Washington was more circumspect in the phrasing of letters to the Marquis de Lafayette’s son, who wished to visit him during the negotiations with Britain that yielded the Jay Treaty. As the letters concerning the approach to Britain indicate, friendship with France remained a sensitive concern. His letters to young Lafayette reveal how this personal matter entered the diplomacy of the day. Washington feared that such a visit would offend the British, who might interpret it as favoring France, their enemy, over themselves. But as a close friend of Lafayette, he did not wish to disappoint him or his son. Washington sought Alexander Hamilton’s help, and that worthy man responded with delicacy and skill. Eventually an invitation was extended to the boy, and an affair that Washington feared might disrupt the larger matter of relations with Britain was resolved.
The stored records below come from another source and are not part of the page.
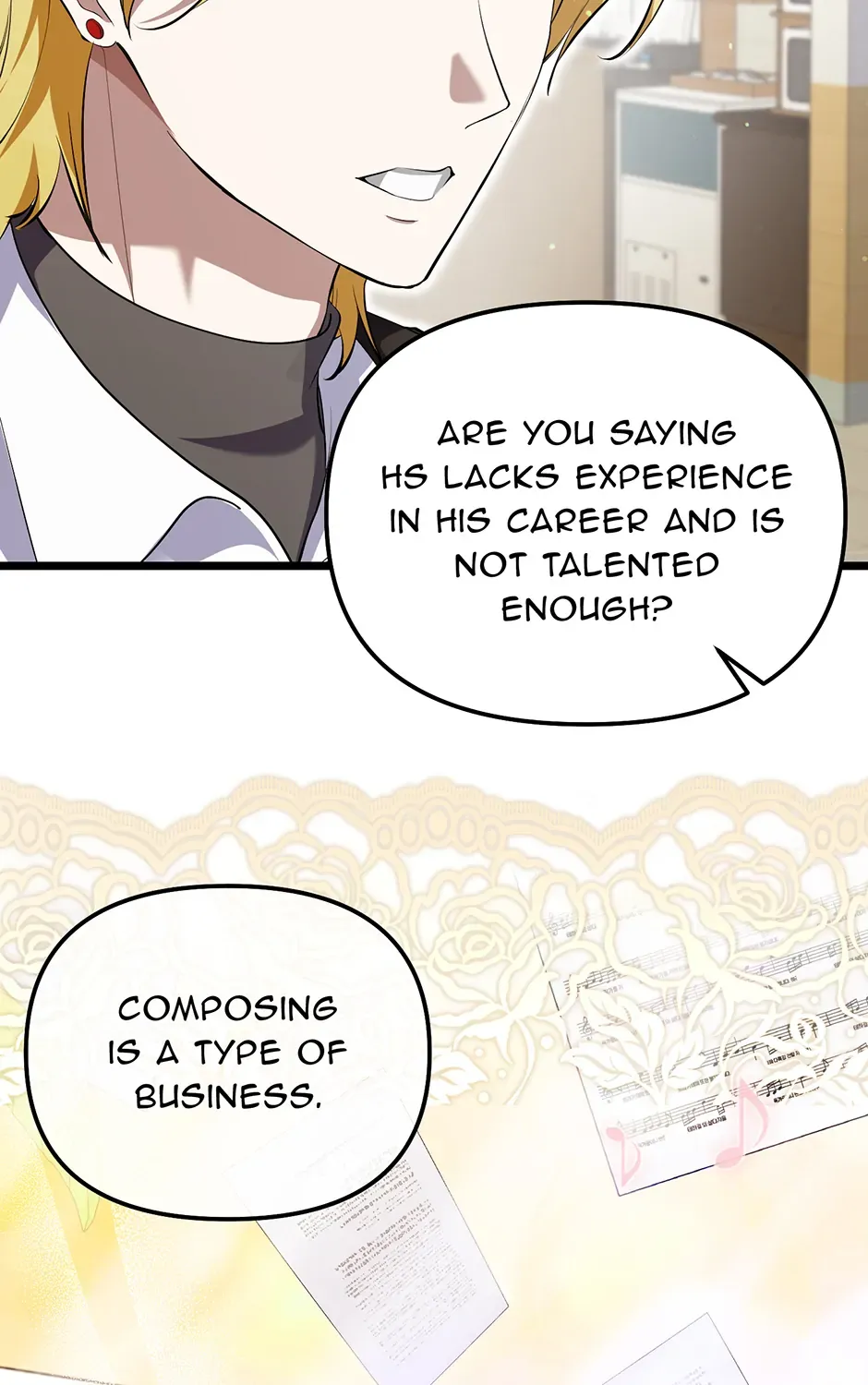 Read Genius Lout Composer Returns chapter 16 image 10 on Lezhin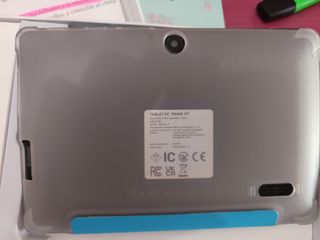 Tablet TOUCH 7 Negra 7 2GB RAM 32GB ROM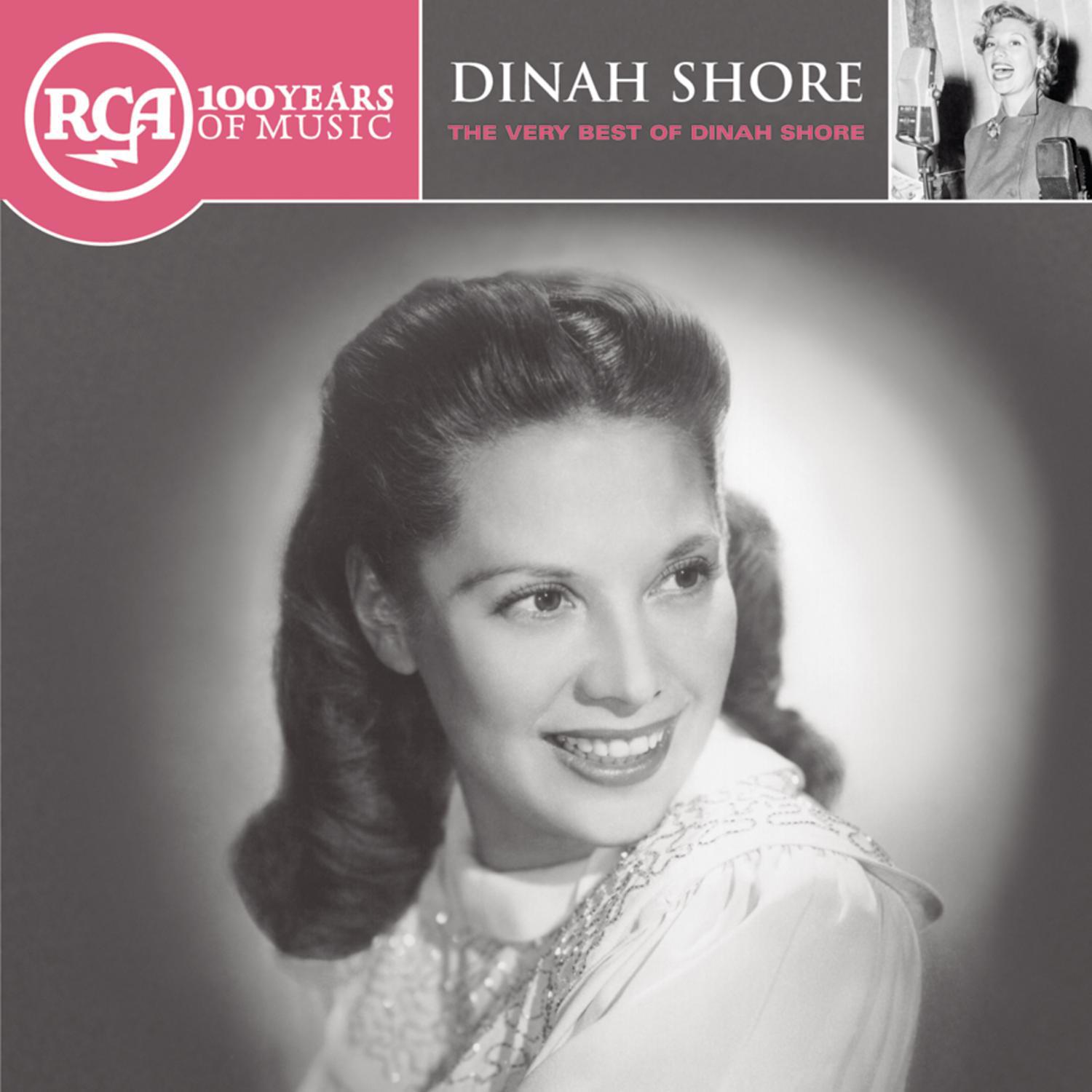 The Very Best Of Dinah Shore专辑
Alexander Hamilton appears frequently in this volume, though he had given up leadership of the Treasury to Oliver Wolcott at the end of January 1795. He served his old commander even out of office, in contrast to John Adams, who felt ignored, and pretty much was. Thomas Jefferson only makes a single appearance, for by this time he had taken himself back to Monticello. His colleague James Madison, a power in the House of Representatives, made his presence felt throughout, sometimes in a heavy-handed way. Edmund Randolph had once hoped for an even greater role. Timothy Pickering entertained similar hopes, and followed Randolph as secretary of state. He was of limited ability, and like most, never gained the office he desired.

And what of George Washington, a fatigued man, who stayed in his post while yearning for the fields of Mount Vernon? Despite his wishes for escape he remained at this point in his administration what he had been when it began. He was different in one major respect. He knew and understood more about his country and the world than he had in 1789.

The negotiations around the Jay Treaty reveal how that understanding had deepened. A letter of December 22, 1795, to Gouverneur Morris provides evidence:

My policy has been, and will continue, while I have the honor to remain in the Administration of the government, to be upon friendly terms with, but independent of, all the Nations of the earth. To share in the broils of none. To fulfill our own engagements. And to supply their wants, and be carriers for them all; being thoroughly convinced that it is our policy, & interest to do so; and that nothing short of self respect, and that justice which is due to us as a nation, ought to involve us in War.

(281)

He had long been a man of wisdom and control. Within its limits his mind was powerful, and gifted with strong analytical ability. It was not distinguished by imagination, but it was clear and skillful in getting at the root of problems. Washington’s entire being—mind and affections—was shaped by his honesty; especially in the ways he put his talents to use in the service of the United States.